We examined the effects of hostility and harassment on neuroendocrine, cardiovascular, and emotional responses in 52 healthy white men.Subjects were preselected on the basis of scores in the top and bottom quartiles (above 23 and below 15, respectively) on the Cook and Medley Hostility (Ho) scale. Subjects participated in a solvable anagram task. Thirty subjects were harassed by the technician during the task.Harassed subjects with high Ho scores exhibited enhanced and prolonged blood pressures, heart rate, forearm blood flow, forearm vascular resistance, norepinephrine, testosterone, and cortisol responses relative to low-Ho subjects in the harassed condition and high and low-Ho subjects in the nonharassed condition.
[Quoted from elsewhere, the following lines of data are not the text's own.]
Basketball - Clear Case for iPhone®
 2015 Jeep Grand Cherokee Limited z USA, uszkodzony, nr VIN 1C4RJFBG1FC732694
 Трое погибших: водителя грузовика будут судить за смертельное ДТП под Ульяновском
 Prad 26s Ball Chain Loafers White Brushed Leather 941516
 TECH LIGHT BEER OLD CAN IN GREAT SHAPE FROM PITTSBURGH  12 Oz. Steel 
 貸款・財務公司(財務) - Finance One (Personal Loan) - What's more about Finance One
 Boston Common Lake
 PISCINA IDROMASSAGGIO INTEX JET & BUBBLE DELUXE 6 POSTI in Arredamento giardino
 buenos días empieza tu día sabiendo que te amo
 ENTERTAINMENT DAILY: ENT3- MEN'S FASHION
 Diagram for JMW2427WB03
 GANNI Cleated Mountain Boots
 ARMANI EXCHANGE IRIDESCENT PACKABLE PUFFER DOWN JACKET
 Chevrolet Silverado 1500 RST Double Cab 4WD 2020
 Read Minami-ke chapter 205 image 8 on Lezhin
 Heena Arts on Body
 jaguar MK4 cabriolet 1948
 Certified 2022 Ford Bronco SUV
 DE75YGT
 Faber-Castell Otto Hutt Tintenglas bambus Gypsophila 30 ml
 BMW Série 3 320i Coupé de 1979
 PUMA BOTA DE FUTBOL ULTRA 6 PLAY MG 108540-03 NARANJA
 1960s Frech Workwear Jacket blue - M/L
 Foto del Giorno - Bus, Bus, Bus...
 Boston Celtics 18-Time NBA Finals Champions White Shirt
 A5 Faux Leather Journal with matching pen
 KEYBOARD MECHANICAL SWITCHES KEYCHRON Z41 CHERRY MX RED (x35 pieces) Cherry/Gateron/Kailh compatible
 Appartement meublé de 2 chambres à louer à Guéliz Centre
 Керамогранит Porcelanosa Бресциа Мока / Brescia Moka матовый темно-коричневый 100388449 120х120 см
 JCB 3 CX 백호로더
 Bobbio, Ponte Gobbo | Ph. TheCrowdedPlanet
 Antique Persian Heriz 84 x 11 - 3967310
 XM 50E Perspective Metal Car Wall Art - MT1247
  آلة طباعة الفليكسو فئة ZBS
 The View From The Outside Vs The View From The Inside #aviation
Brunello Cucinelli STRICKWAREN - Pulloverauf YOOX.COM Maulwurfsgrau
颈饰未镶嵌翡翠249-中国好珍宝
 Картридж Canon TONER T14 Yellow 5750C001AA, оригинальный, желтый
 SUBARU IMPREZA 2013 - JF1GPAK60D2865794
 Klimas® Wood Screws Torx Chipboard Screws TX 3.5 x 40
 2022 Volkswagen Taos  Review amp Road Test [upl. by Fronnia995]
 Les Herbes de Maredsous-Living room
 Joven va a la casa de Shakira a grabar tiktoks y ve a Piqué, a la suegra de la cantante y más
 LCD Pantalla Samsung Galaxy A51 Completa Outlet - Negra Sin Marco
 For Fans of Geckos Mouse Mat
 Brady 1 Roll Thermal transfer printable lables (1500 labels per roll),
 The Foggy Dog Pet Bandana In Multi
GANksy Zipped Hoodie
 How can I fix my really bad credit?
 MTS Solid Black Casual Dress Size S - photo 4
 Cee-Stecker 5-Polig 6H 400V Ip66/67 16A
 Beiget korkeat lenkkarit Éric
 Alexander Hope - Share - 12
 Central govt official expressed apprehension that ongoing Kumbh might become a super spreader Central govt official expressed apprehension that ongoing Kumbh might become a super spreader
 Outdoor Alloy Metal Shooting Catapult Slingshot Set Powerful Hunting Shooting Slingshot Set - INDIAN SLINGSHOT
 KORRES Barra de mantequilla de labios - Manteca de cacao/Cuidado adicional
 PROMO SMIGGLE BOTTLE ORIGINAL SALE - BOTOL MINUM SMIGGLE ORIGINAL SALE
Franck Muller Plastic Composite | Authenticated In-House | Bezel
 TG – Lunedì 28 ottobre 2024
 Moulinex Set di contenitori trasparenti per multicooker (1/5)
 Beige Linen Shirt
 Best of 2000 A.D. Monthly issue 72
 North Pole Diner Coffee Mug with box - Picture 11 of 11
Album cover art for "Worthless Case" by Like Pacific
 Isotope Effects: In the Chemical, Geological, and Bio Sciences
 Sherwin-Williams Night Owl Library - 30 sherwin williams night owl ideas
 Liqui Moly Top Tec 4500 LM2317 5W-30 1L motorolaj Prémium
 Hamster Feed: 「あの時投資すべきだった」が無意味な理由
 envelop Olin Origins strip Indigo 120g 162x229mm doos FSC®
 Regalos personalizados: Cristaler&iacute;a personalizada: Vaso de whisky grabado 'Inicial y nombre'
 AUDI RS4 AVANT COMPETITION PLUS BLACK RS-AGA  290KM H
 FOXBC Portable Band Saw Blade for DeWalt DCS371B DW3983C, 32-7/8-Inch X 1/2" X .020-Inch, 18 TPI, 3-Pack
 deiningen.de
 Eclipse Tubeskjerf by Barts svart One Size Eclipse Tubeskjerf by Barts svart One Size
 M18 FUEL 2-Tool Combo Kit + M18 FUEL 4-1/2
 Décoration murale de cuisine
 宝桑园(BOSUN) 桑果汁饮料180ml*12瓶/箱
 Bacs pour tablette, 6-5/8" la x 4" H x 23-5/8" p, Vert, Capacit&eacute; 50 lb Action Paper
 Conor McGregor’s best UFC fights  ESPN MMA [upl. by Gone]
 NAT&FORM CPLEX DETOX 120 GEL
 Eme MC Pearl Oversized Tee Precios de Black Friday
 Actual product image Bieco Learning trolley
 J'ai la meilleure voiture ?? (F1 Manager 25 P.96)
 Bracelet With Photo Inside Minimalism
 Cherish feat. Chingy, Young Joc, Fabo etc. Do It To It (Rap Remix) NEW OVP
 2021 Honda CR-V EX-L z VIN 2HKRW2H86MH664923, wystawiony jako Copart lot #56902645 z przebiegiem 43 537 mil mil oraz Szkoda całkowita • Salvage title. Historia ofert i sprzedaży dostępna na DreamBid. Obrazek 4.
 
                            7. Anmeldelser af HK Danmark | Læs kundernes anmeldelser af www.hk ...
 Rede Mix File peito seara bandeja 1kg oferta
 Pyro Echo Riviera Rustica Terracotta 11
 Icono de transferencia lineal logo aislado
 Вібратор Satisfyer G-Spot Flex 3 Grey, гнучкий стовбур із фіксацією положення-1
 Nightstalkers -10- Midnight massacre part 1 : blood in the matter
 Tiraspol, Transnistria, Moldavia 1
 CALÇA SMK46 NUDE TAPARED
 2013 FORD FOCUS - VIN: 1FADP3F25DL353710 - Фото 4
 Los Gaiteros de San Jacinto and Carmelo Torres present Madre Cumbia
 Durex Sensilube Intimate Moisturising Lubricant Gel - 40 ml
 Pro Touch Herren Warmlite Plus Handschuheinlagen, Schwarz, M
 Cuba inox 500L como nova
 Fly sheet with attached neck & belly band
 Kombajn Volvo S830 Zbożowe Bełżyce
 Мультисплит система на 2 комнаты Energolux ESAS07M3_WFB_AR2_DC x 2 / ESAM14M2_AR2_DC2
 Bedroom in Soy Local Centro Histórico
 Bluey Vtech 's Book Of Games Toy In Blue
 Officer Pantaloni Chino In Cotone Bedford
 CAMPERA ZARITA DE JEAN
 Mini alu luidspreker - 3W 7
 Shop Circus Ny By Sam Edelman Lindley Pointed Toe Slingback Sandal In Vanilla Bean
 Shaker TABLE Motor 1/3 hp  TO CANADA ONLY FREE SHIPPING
Heightened physiological reactivity in high-Ho subjects was correlated with arousal of negative affects.The findings are consistent with the general hypothesis that high hostile men show excessive behaviorally-induced cardiovascular and neuroendocrine responsivity to interpersonal challenging situations. Moreover, in high-Ho men, the stress-induced cardiovascular and neuroendocrine hyperreactivity is associated with the arousal of negative affects such as anger.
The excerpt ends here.